Last Updated:Jun 18, 2026

Resolve common virtual node issues, including cross-zone HA, GPU, scheduling priority, image pulls, and billing.

Capability overview

Key virtual node capabilities at a glance.

Capability Supported Notes
Cross-zone high availability Yes Specify vSwitches from multiple zones in eci-profile
GPU resources Yes Via annotation (instance type) or nvidia.com/gpu field
Mixed scheduling with ECS instances Yes Configure via taints, tolerations, and affinity rules
Billing method-based scheduling priority Yes Subscription ECS → pay-as-you-go ECS → elastic container instances
Image pull from self-managed HTTP repository Yes (with workaround) Add an annotation to switch from HTTPS to HTTP
Billing based on actual resource usage No Billed by the vCPU and memory specifications set at creation

How do I use virtual nodes to implement high availability for a service deployed across zones?

Specify vSwitches from multiple zones in the vSwitchIds field of the eci-profile. The cluster creates virtual nodes in the corresponding zones — for example, Zone A and Zone B — achieving cross-zone high availability for Elastic Container Instance (ECI)-based pods. Configure vSwitches from multiple zones to ensure high availability.
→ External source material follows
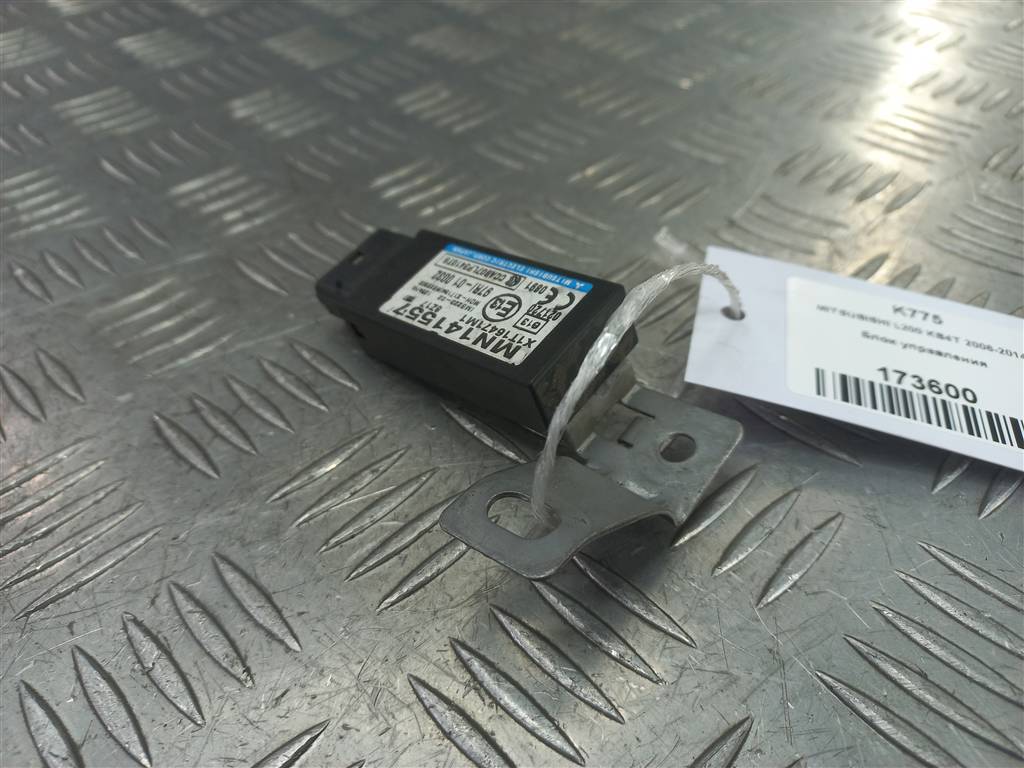 блок управления MITSUBISHI L200  2.5 DI-D 4WD MT (178 л.с.)L200  IV (2006—2014) Пикап MN141557, 750 рублей, Москва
See Configure an eci-profile.

Do virtual nodes support GPU resources?

Yes. Two ways to request GPU resources for an ECI-based pod:

  • Add an annotation to the pod metadata to specify a GPU-accelerated ECS instance type.

  • Add nvidia.com/gpu to resources to specify the GPU count.

After deploying the YAML, the pod is created with the specified GPU configuration.

See Create pods by using GPU-accelerated instance types.

How do I prioritize ECS instances over elastic container instances for pod scheduling and prioritize elastic container instances over ECS instances for pod scale-in?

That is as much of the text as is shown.